(Captioned web image data)
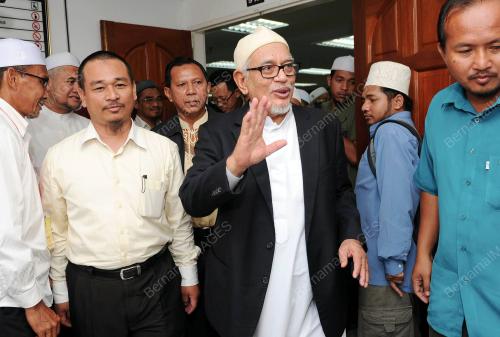 TR02_28102014_HADI_MAHKAMAH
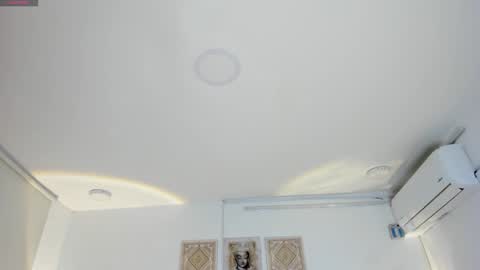 Claire 3 online show from 01.05.25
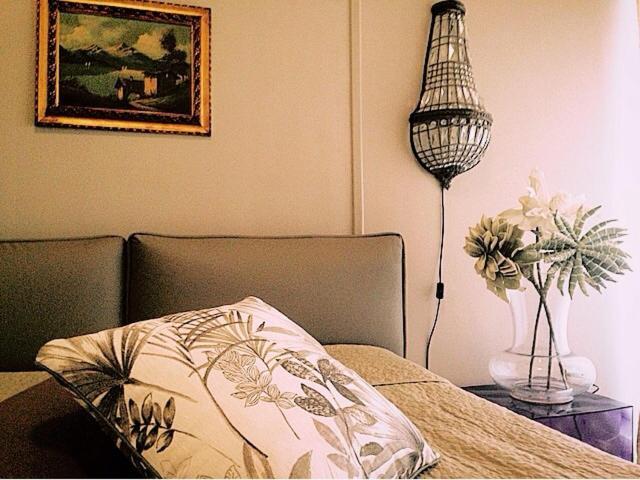 Zimmer mit Kingsize-Bett und Balkon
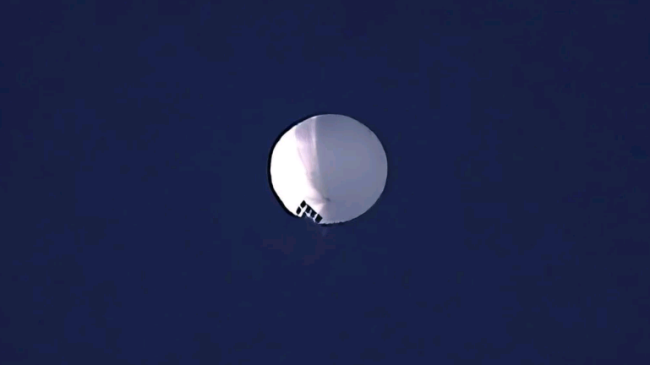 美军出动F-22拦截“中国间谍气球”，背后疑云重重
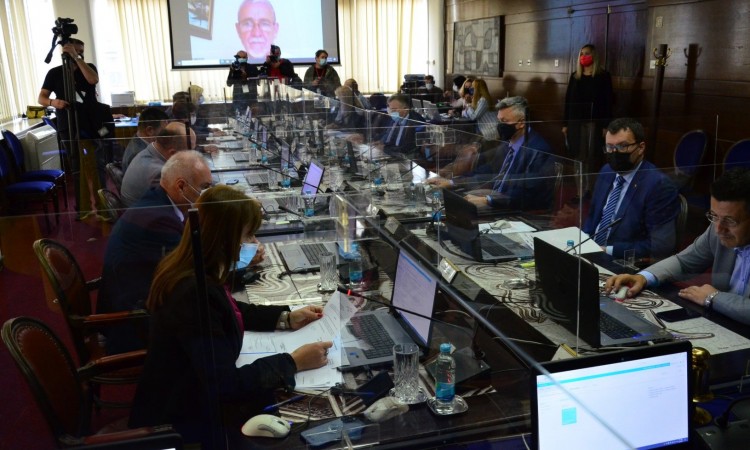 Vlada FBiH: Pad broja novozaraženih, povećan broj pacijenata na respiratoru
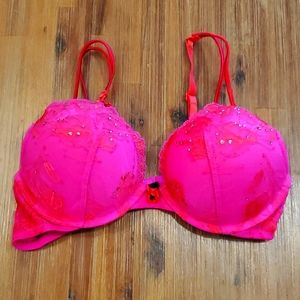 Women's VS Pink Pushup Bra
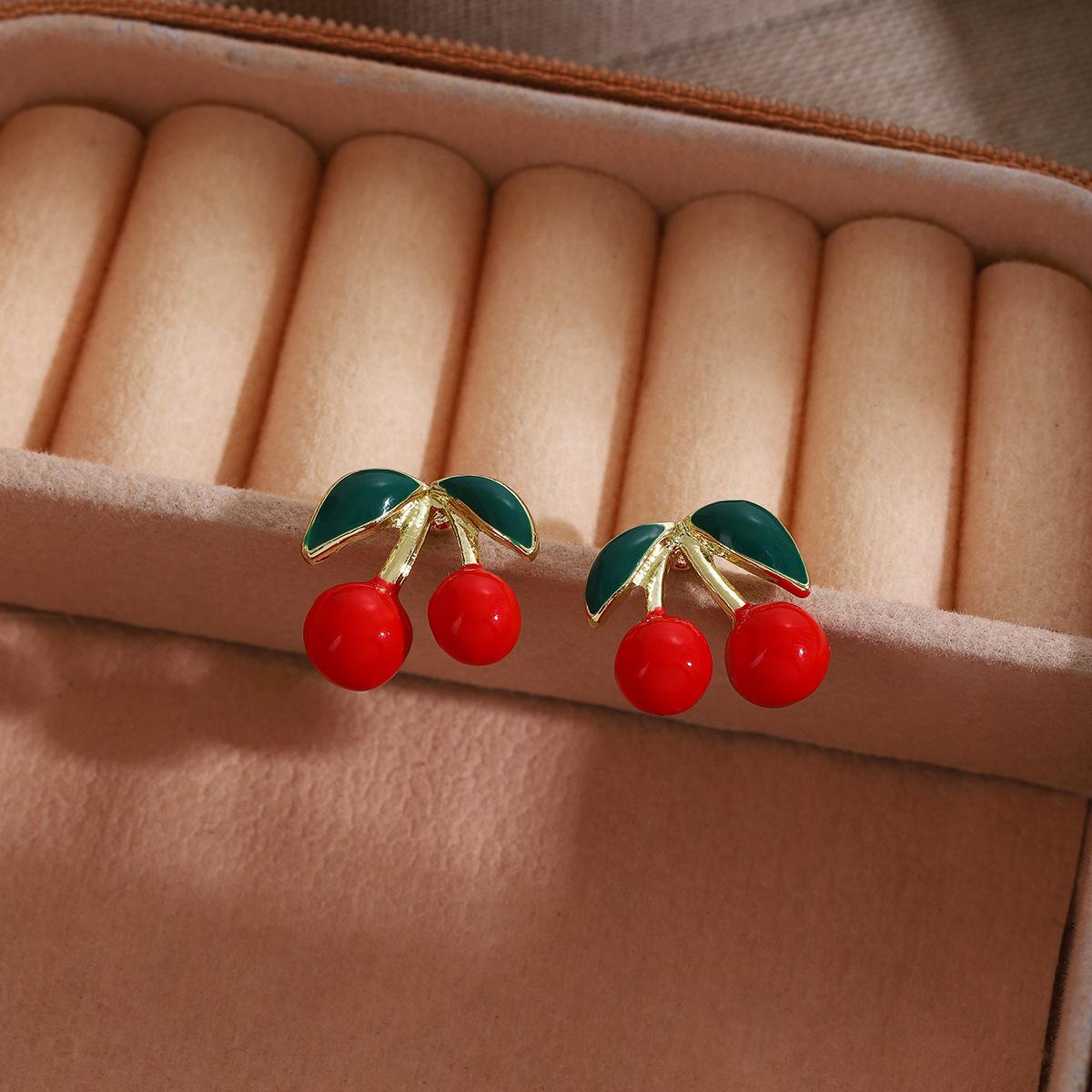 Cute, Small, Sweet Earrings, Red Fruit, Cherry Stud Earrings, Exquisite Small, Fresh And Fashionable Earrings.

BRIEF —
Exactly reproduce each entry, but drop the pictures.

RESPONSE TO THE TASK —
 TR02_28102014_HADI_MAHKAMAH
 Claire 3 online show from 01.05.25
 Zimmer mit Kingsize-Bett und Balkon
 美军出动F-22拦截“中国间谍气球”，背后疑云重重
 Vlada FBiH: Pad broja novozaraženih, povećan broj pacijenata na respiratoru
 Women's VS Pink Pushup Bra
 Cute, Small, Sweet Earrings, Red Fruit, Cherry Stud Earrings, Exquisite Small, Fresh And Fashionable Earrings.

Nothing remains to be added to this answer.